Often, those last-minute RFPs are about projects of modest size, with meagre resources for evaluation. In that situation, the evaluation terms of reference (TOR) would typically ask for 20-40 consulting days, to cover the entire set of OECD/DAC criteria - relevance, effectiveness, efficiency, and impact and sustainability, all that within 2-3 months and on a shoestring budget. As someone who has reviewed a couple of hundred evaluations, I know that the resulting evaluation reports tend to be a bit on the shoddy side. With some luck, the participants in the evaluation might have found the evaluation process useful. But don't look for ground-breaking evidence in quick and dirty single-project evaluations.
It does not have to be that way. For instance, organisations that receive money from several funders can convince their funders to pool resources for one well-resourced evaluation of their overall activities rather than a bag of cheap three-week jobs.
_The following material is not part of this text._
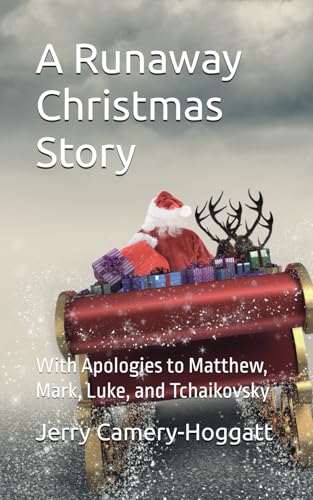 A Runaway Christmas Story: With Apologies to Matthew, Mark, Luke, and Tchaikovsky von Independently published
Funders who support several complementary initiatives in the same geographical region, or who support the same kind of project in many different places, can commission programme evaluations to better understand what has worked and what hasn't, under what circumstances.
It makes more sense to take a step back and look at bigger pictures, anyway, because no development intervention happens in isolation. Project X of NGO Y might yield excellent results because NGO Z runs project ZZ in the same region, and project X wouldn't have the slightest chance to succeed if project ZZ wasn't there. You need time and space to find out that kind of things.
And last but absolutely not least, there is no reason why evaluation should only happen in the middle or at the end of an intervention. Some of the most useful evaluations I have come across have been built into the project or programme from the beginning, supporting programme managers in setting up monitoring systems that worked for those involved in the programme and for those evaluating it, and accompanying the project with on-going feed-back. This doesn't need to be more expensive or more complicated than the usual end-of-project 40-day job. But it can provide easy-to-use information in time to support well-informed decision-making while the project is being implemented - not just when it's over.